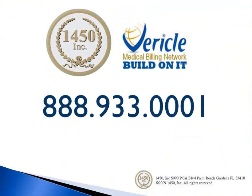To be introduced to a solutions provider who is familiar with these systems, please call the number on your screen.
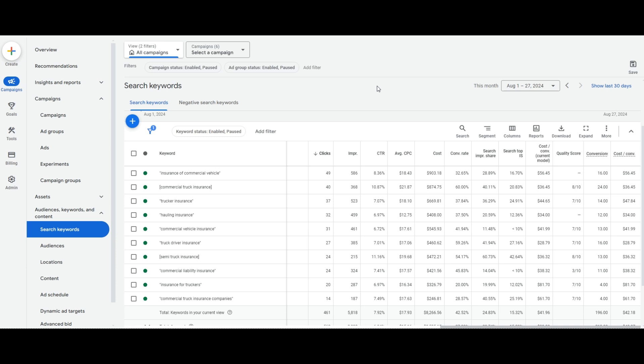Hey guys, my name is Kyle. I'm with Max Conversion. And if you're not familiar with us, we are a Google Ads agency that fully focuses on Google Ads. We don't do anything else. All we do is Google Ads.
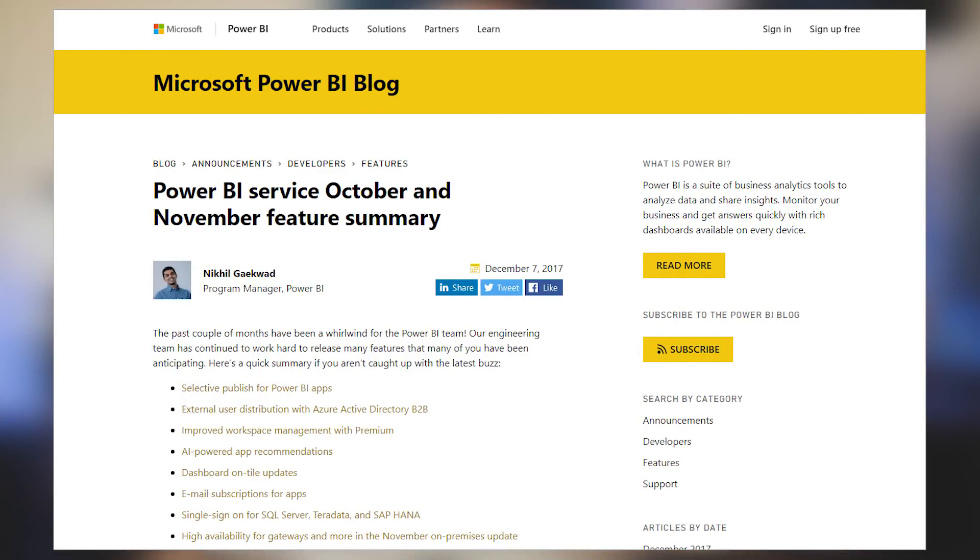There's a blog post highlighting the Power BI service features from October and November. Some items you may like: selective items for your apps, which lets you choose whether or not you want dashboard reports inside the app when you publish it. There was also the announcement of Azure AD B2B capabilities for the Power BI service. Other interesting items include the ability to add email subscriptions to your apps to get notified, as well as gateway updates which include single sign-on using Kerberos for Direct Query connections. Check out the blog post below for all of the items.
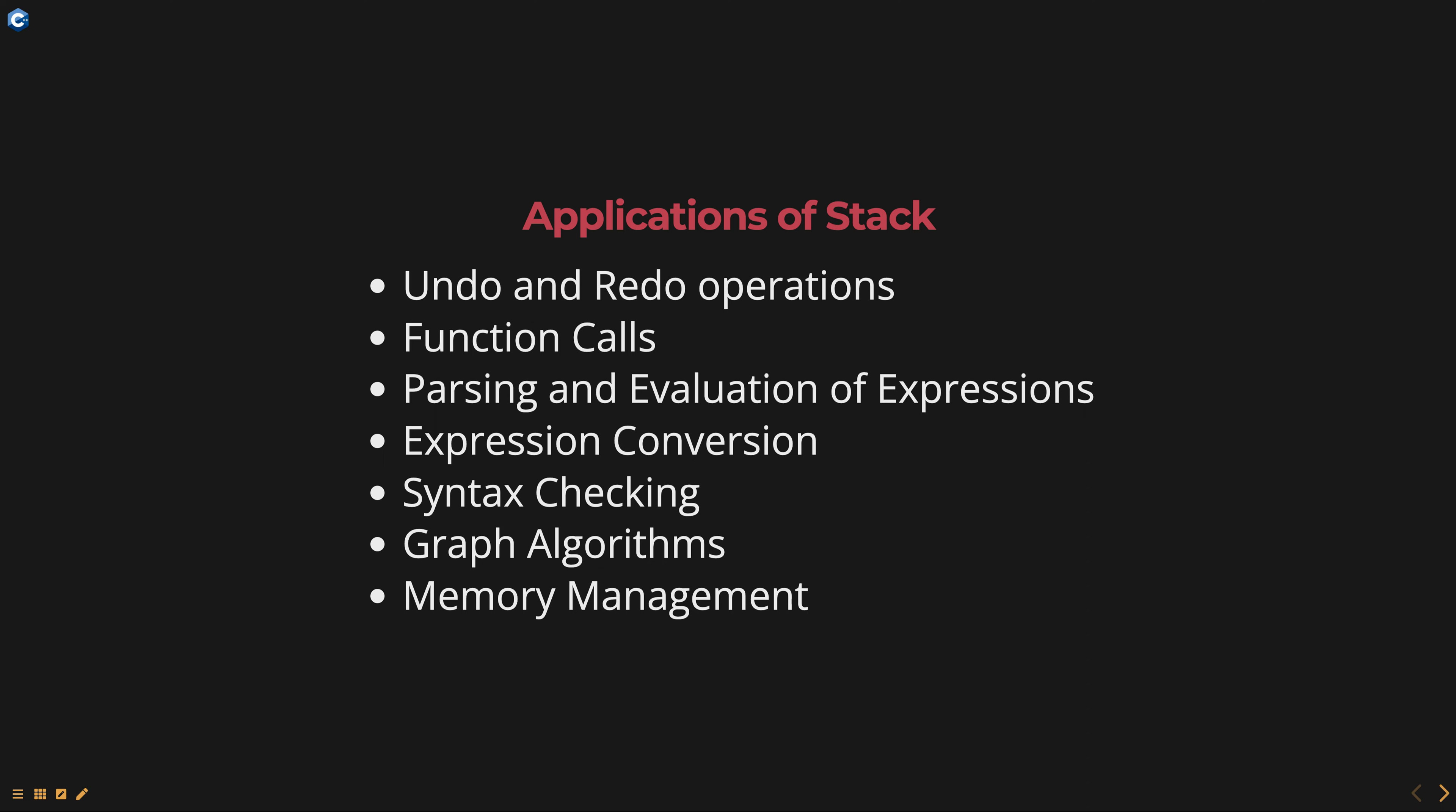These are some of the common applications of stacks. They have numerous other applications in computer science and software engineering, and are a key data structure to understand for any computer science student or software engineer. Hope this was helpful. Thank you for watching.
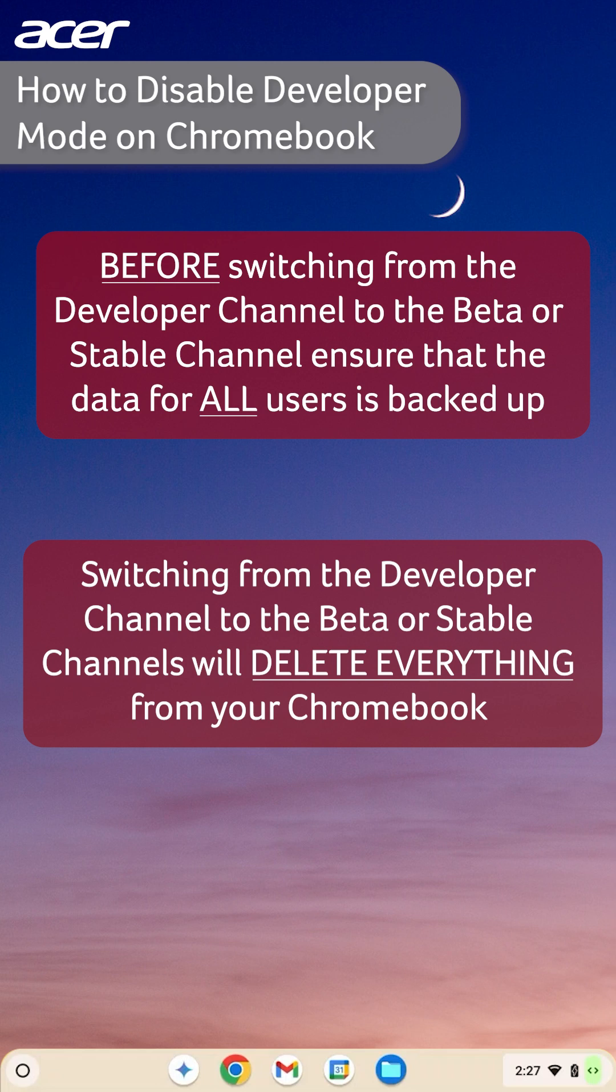Before switching from the developer channel to either the beta or stable channel, ensure that the data for all users on your Chromebook is backed up. Switching from an experimental channel like the developer channel to the beta or stable channels will delete everything from your Chromebook.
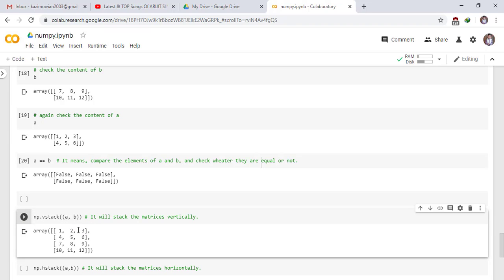Now this is the first row of matrix A and this is the second row of matrix A, and this is the first row of matrix B and this is the second row of matrix B.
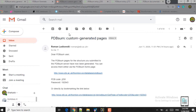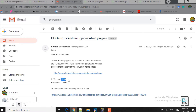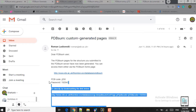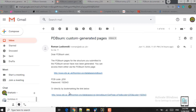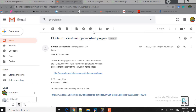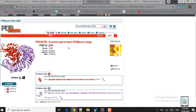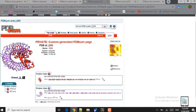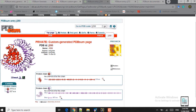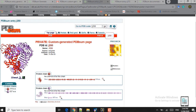So the next thing you're going to do is check your email inbox after 10 to 15 minutes. Here you can see I have received an email from PDBsum. I can access the results by clicking on the first link and providing the PDB code and password generated for my structure, or I can simply click on the second link and it will take me to this page. Here you can see the structures I have provided.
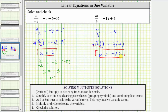Let's go ahead and check this. Substituting negative 32 for m in the original equation gives us negative 32 divided by four equals negative 12 plus four. Negative 32 divided by four is negative eight, and negative 12 plus four is also negative eight. Negative eight equals negative eight is true, verifying the solution is correct. I hope you found this helpful.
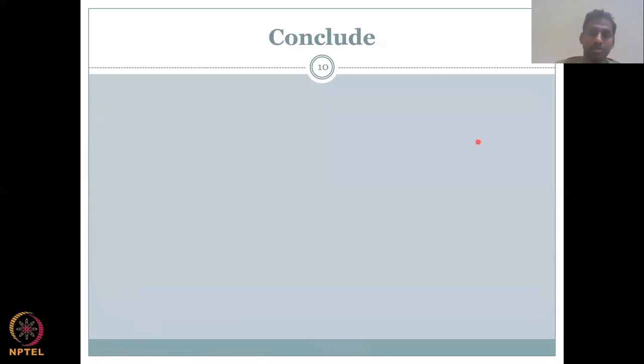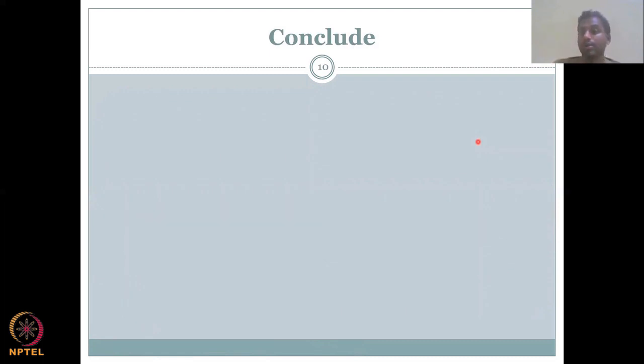With this, I would conclude today's lecture. I will see you in the next lecture to wrap up week eight.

- - - - - - -

## EXERCISE
Restate word for word each line from the top of the listing down to and including the line that holds "Hey guys, my". Drop any pictures.

## SOLUTION TO THIS EXERCISE
To be introduced to a solutions provider who is familiar with these systems, please call the number on your screen.
Hey guys, my name is Kyle. I'm with Max Conversion. And if you're not familiar with us, we are a Google Ads agency that fully focuses on Google Ads. We don't do anything else. All we do is Google Ads.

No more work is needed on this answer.